At 5 AM I was firing up old episodes of Buffy the Vampire Slayer or the spin off series Angel. A lot of action in these babies and they’re not exactly deep so it was easy to walk, climb, run while watching. After a time though, I wanted something else. Something different.

I found the first season of Sex and the City. Goddamn, I remember loving that show! Of course, that was a precious multitude of years past. I was able to overlook, or maybe it just didn’t phase me, the implausibility of these, theoretically, early 30s chicas and their magnificent careers.
Samantha: owner of a PR firm.
Charlotte: owner of a posh, successful art gallery
Miranda: lawyer on the path to partnerhoodness in a BIG firm
and
Carrie: columnist in a major mag/newspaper
All in Manhattan -- NOT Dubuque, Missoula or even Pittsburgh. They were succeeding, at very young ages, on one of the biggest stages WORLDWIDE. That and they were usually, most often, dating millionaires and/or the latest hottest thing going.

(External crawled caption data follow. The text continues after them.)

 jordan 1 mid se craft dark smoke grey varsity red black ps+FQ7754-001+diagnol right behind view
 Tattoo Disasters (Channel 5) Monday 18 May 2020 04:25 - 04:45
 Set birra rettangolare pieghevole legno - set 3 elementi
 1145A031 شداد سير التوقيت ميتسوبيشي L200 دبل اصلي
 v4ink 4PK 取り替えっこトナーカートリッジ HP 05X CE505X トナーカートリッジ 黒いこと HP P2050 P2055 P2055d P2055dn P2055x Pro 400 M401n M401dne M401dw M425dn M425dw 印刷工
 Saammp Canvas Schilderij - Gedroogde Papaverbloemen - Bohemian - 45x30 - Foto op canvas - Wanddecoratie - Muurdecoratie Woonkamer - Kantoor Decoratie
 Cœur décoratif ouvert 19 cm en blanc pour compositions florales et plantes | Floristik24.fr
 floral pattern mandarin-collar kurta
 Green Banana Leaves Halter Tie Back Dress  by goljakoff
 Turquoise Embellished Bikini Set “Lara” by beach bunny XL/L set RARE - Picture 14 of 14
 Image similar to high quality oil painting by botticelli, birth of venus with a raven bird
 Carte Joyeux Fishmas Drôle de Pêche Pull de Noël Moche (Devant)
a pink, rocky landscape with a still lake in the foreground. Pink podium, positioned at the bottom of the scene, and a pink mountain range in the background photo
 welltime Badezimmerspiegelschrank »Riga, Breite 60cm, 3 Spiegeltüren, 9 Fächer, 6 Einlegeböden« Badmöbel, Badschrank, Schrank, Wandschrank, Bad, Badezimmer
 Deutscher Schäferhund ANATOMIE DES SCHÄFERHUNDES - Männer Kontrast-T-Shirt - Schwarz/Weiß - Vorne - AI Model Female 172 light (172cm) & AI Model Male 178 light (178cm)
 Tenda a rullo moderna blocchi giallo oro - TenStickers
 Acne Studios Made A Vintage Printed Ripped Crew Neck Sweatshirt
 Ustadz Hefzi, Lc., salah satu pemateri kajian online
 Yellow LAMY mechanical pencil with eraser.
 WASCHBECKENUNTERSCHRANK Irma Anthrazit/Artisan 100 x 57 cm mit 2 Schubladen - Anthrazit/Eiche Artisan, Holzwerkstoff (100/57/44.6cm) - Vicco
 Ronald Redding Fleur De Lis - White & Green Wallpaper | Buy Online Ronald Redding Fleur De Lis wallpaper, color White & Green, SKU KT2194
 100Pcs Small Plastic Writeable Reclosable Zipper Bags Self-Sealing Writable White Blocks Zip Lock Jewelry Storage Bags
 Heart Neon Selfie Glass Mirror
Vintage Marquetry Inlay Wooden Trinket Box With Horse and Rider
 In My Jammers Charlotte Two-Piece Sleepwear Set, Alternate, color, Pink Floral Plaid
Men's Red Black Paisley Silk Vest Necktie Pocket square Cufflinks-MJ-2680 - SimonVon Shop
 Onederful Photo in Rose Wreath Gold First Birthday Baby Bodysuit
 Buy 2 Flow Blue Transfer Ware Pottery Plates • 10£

Phfft — sure. Somehow, at the delicate, tender even, age of 40, I was able to make the giant suspension of disbelief.  I remember noticing the ferocious unlikelihood of their lives but it was OK by me. Carrie was a bit homely and wore WAY too much makeup but she was so blasted CUTE! Miranda was a neurotic, yet sweet, bitch. Charlotte was an uptight loon and Samantha was my hero.

We all need fairy tales. Hell, I need my escapes from reality — I sure as hell do! At this point though, I prefer more radical departures.

 Stories of women who can afford to blow their earning on an endless parade of Manolos, nightly dinners out at the newest, poshest, most IN restaurant, the big decision between Danger Boy and Safe Man — eh, doesn’t thrill me.

 Give me Vampires to wrastle. Titania, Queen of the Fairies to envy. Greek Gods in the 21st century — behaving badly. The End of Times meets Terry Pratchett/Neil Gaiman comedy.

Yeah, that’s what I’m into. Fairy stories, vampires, greek gods and the end of the world!

Chicks in high heels, trying to score rich husband while featuring make up that could only read as subtle from the last row at the Blackpool Opera House. Eh, I’m just not so much down with that.

Just can’t dig it anymore — not even while treadmilling at 5 AM.  Hey, get me a glass of True Blood while you're up — K?